* _Records supplied_

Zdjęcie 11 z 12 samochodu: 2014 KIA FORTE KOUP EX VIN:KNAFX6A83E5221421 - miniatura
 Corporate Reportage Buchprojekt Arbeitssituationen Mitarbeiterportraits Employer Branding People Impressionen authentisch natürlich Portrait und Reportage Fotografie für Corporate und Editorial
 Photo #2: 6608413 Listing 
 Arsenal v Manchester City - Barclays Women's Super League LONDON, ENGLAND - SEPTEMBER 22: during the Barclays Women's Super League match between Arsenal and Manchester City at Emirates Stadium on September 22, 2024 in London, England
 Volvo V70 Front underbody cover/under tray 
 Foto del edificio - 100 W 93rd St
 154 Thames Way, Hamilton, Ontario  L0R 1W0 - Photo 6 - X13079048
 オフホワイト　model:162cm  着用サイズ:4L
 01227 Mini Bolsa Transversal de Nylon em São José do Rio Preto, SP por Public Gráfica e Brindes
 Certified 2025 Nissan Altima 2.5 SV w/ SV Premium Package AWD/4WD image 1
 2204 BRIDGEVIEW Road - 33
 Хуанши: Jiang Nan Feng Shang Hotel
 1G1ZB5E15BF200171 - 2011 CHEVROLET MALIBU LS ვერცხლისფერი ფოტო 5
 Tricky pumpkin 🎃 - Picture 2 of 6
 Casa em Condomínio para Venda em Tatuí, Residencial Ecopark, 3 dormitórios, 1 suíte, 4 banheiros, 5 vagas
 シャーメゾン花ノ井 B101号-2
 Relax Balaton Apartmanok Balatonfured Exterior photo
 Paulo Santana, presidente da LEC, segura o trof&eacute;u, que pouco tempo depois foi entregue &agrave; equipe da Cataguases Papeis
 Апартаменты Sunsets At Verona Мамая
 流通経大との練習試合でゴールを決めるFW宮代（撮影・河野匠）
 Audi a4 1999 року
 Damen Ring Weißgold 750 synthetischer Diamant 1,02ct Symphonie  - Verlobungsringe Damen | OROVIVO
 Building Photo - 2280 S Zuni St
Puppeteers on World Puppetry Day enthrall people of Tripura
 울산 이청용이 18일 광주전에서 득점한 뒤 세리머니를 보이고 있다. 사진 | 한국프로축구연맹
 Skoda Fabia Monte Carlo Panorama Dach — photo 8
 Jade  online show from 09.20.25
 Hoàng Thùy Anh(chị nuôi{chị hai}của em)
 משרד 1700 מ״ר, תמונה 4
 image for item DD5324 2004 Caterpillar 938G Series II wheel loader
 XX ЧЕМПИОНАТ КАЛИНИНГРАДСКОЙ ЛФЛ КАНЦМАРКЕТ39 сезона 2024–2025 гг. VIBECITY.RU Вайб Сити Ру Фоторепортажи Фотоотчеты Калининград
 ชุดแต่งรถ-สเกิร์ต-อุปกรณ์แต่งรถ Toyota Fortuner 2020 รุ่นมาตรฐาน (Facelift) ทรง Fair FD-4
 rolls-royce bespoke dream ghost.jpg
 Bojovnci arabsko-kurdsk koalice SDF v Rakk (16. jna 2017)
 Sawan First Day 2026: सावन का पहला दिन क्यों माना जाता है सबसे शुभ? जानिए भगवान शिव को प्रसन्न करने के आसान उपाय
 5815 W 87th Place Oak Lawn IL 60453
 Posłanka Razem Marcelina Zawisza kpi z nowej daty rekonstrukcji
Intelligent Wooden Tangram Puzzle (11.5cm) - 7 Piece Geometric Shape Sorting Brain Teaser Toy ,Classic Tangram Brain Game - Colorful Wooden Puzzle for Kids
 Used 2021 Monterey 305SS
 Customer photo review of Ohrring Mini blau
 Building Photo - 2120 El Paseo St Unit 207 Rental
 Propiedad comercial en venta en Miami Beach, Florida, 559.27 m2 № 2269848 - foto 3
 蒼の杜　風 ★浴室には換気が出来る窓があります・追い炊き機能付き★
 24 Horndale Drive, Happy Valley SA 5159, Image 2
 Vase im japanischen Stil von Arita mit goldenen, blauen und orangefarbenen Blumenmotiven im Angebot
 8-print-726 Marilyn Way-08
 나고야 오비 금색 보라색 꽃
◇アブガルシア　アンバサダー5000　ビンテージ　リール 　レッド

* _What you have to do_
Filter the entries down to the lines with the word "Building" in them.

* _Result of the task_
 Building Photo - 2280 S Zuni St
 Building Photo - 2120 El Paseo St Unit 207 Rental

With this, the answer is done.